And the German tabloid Bild today reports that a delegation of German MPs who visited Greece in May were threatened by Greek socialist MP Maria Skrafnaki, who said that "if you don't support our country (...) then your countrymen will know the same fate as those during the second world war in Crete". If accurate, it's hard to get any harsher than that. CSU MP Michael Hennrich told the newspaper that "Greek Parliament Speaker Philippos Petsalnikos has insulted us in the same way", which was denied by the latter.

Apparently, the WWII reference was not translated for the German MPs at the time, and only surfaced recently, which is why it took so long for the story to come out.

With further austerity on the way in the form of a second Greek bailout, things may sadly get even uglier. Again we pose the question, what is the political breaking point?

2 comments:

  1. There is no political breaking point.

    Even if the ECB gets bankrupted, as long as the European System of Central Banksters (ESCB) continues to mark its gold reserves to market (not to the model of $35 like the USA), the euro will continue to flourish.

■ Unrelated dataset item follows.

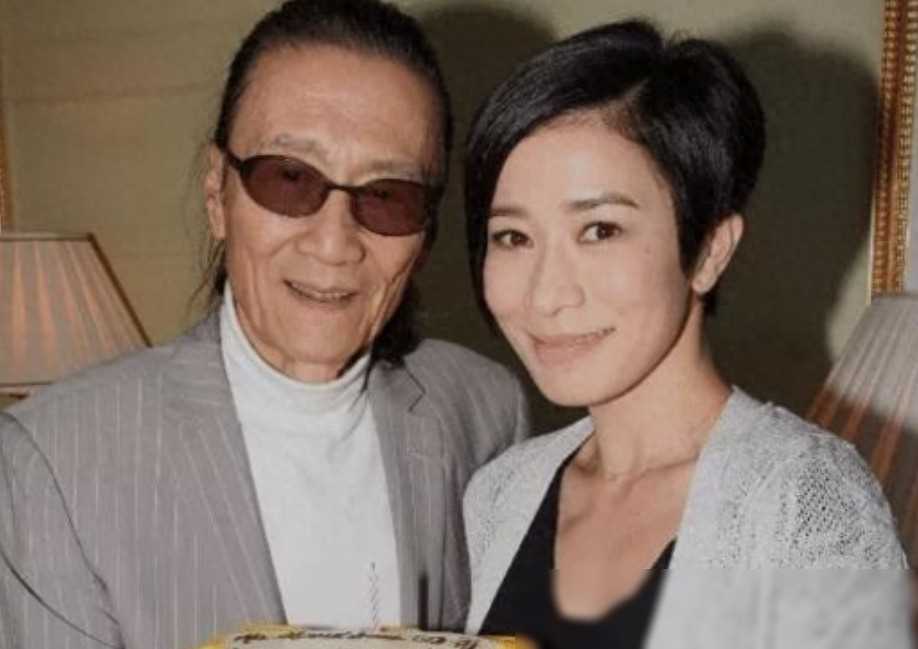 1997年,佘诗曼在瑞士获得了酒店管理学士学位后回到香港.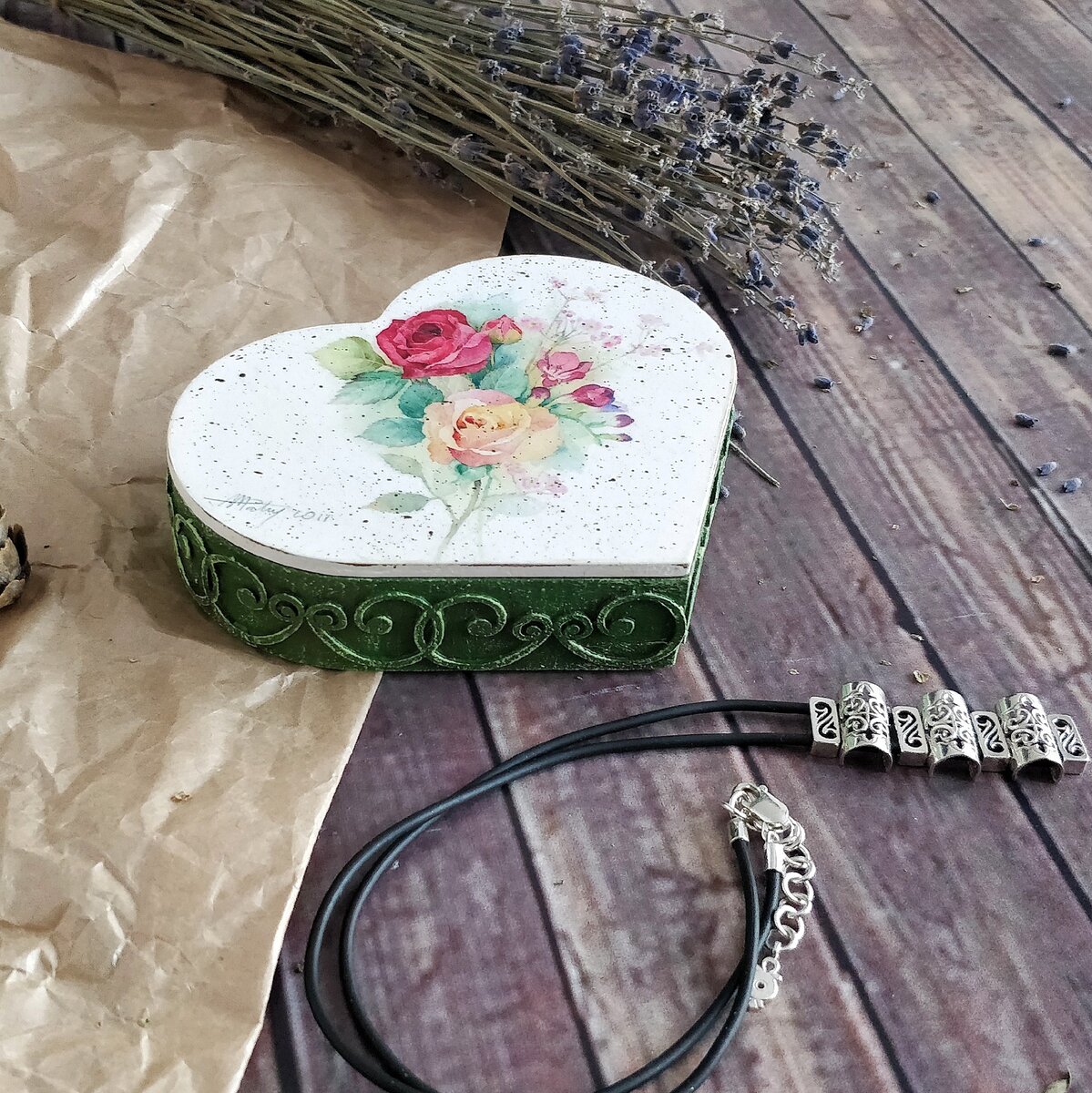 Современный декупаж шкатулки выглядит так (фото из личного архива)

    [The ECB has] just released the new market-based revaluation of their monetary reserve assets, including gold. They do this once every three months. It sort of lets the world know the true, market-based strength of their monetary foundation. It’s not that the currency is redeemable in government gold like the old gold standard. They simply make sure physical gold is available, tax free, at the floating market price.
    fofoa.blogspot. com/2011/04/reference-point-gold-update-2.html

    The process of marking to market (MTM) the Eurosystem’s gold reserves has resulted during the FIRST decade of the Freegold (ECB MTM FLOATING gold price) "experiment", in gold rising from 30% to 60% of the Eurosystem’s (international liquidity) reserves.
    fofoa.blogspot. com/2010/07/gold-ultimate-wealth-consolidator.html

    “gold’s role [in the reserves of the Eurosystem] has gained musculature from a mere 30.5% proportion to its current dominance now at 67.1%.” That means that at the beginning, in 1999, Eurosystem reserves were made up of 69.5% foreign fiat paper and 30.5% gold. Today that has shifted qualitatively to a net foreign paper position of only 32.9% to gold’s 67.1%, a virtual flip flop!
    fofoa.blogspot. com/2011/01/reference-point-gold-update-1.html

    This is an ECONOMIC question.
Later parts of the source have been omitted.